On 26/09/2012 2:22 AM, Bry8 Star wrote:
Please include SHA1/MD5 hash/digest code of "setup.exe" file, on webpage
next to "setup.exe" download url-link.
Providing a digest for setup.exe is probably a good idea, and probably not too hard.

so we know for sure, if we have a correct file or not, and someone in
middle (MITM) has not changed it.

Windows users prefer to verify files rather with sha1/md5 etc, than
using asc, as asc verification is more complicated.
Cygwin packages already provide MD5 signatures, but those only really protect against accidental corruption during the download [1]. ASC would provide a bit more protection [2], but it's apparently too inconvenient for you to use. This is good, because it would be severely inconvenient for cygwin devs and package maintainers to provide it to you.
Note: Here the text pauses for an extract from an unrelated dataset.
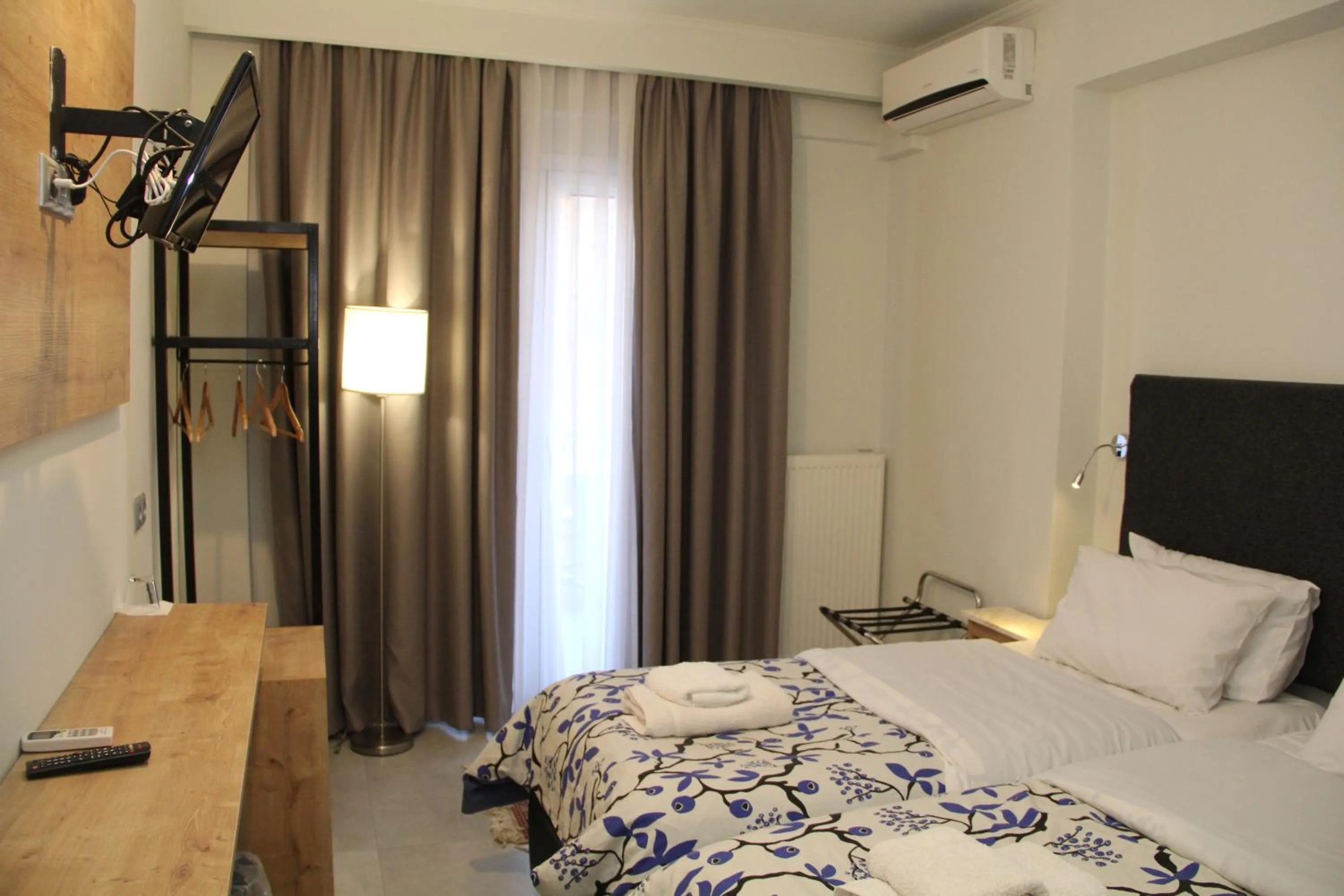 Photo of the whole room, Bed in Alexiou Hotel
please distribute the setup.exe, via using a HTTPS based URL/site.
Why do want https? There are exactly zero bytes of sensitive traffic to protect, and attackers would still know you're visiting the site (use a VPN to prevent that).

No need for a paid/purchased SSL/TLS certificate. A self-signed or
CAcert or other free cert (various cert providers have free cert for
non-profit or open-source developers), is more than enough & suffice.
Much much better than using no encryption at all.
A self-signed certificate provides a dangerous false sense of security when verifying site identity [3]; no certificate can protect you from a hacked cygwin.com (should that ever occur), nor from malicious developers and package maintainers (c.f. [2]). The encryption aspect of https is irrelevant because no sensitive information is exchanged.

Does the "setup.exe" connect to Internet/mirror sites using https or
SSL/TLS encrypted connections ?
It makes no sense for mirrors to provide https [4], and most probably couldn't even if they wanted to.

$0.02
Ryan

[1] There are good technical reasons why setup.exe will never pull checksums for mirrored packages from cygwin.com, so forget that idea. Further, several recent collision attacks have shown MD5 to be utterly broken when an attacker wants it to be (SHA-1 might be better, I don't remember).

[2] Cryptographic signatures would prevent mirrors from tampering with packages after release, but do nothing to establish trust in the myriad volunteers who write the software and compile the packages in the first place. I seriously doubt RedHat would open itself to liability by vouching for the identity or character of non-employees.

[3] An attacker willing/able to spoof your DNS will be perfectly capable of providing a convincing self-signed certificate as well. They might even provide a "proper" certificate, in light of recent attacks on gmail, et al.

[4] A mirror needs only to provide unmodified copies of packages; cryptographic signatures are both necessary and sufficient to achieve that goal. It doesn't matter who (or how malevolent) the mirror operator is as long as the signatures check out.